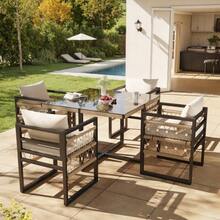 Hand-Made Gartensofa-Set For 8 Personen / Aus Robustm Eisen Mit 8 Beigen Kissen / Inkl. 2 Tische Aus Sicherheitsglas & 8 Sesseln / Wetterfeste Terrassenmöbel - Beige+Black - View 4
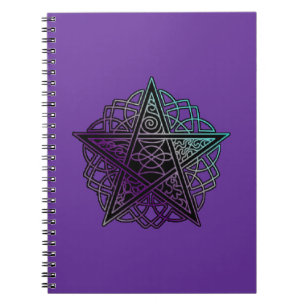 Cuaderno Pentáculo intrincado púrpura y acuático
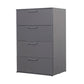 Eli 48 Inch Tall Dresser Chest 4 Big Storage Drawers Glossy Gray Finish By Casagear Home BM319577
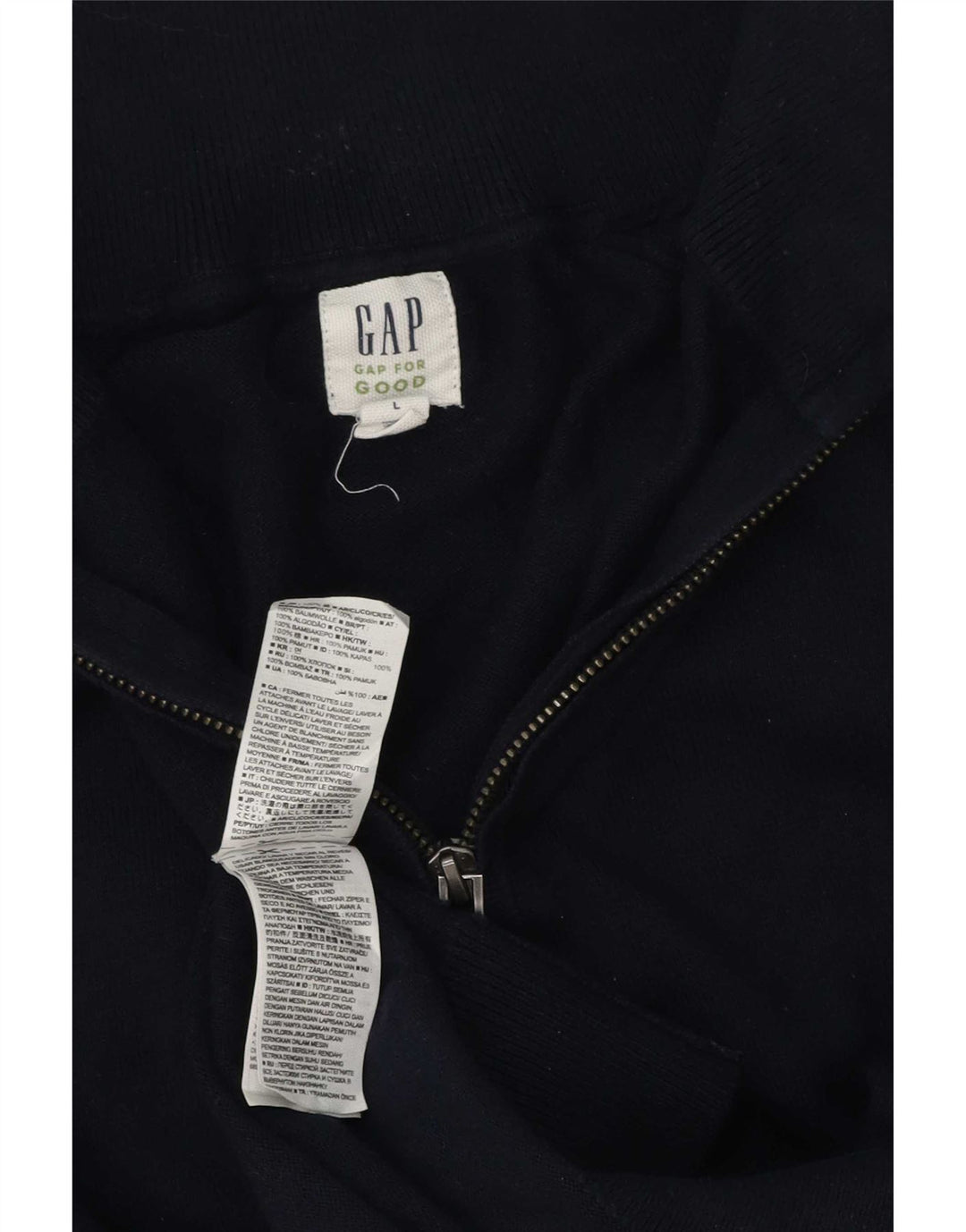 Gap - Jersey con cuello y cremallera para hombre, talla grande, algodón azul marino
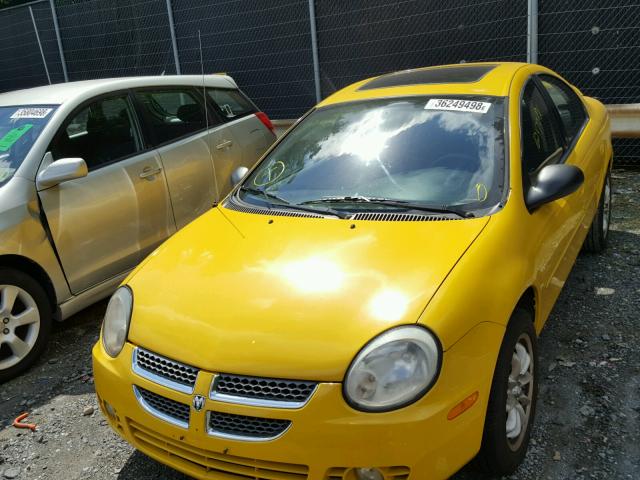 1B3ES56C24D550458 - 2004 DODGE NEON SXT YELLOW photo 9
---------------
§ **Problem to work on**
Before you return the listing exactly, strip out its pictures.

§ **Result of this task**
 Hand-Made Gartensofa-Set For 8 Personen / Aus Robustm Eisen Mit 8 Beigen Kissen / Inkl. 2 Tische Aus Sicherheitsglas & 8 Sesseln / Wetterfeste Terrassenmöbel - Beige+Black - View 4
 Cuaderno Pentáculo intrincado púrpura y acuático
 Eli 48 Inch Tall Dresser Chest 4 Big Storage Drawers Glossy Gray Finish By Casagear Home BM319577
 Gap - Jersey con cuello y cremallera para hombre, talla grande, algodón azul marino
 1B3ES56C24D550458 - 2004 DODGE NEON SXT YELLOW photo 9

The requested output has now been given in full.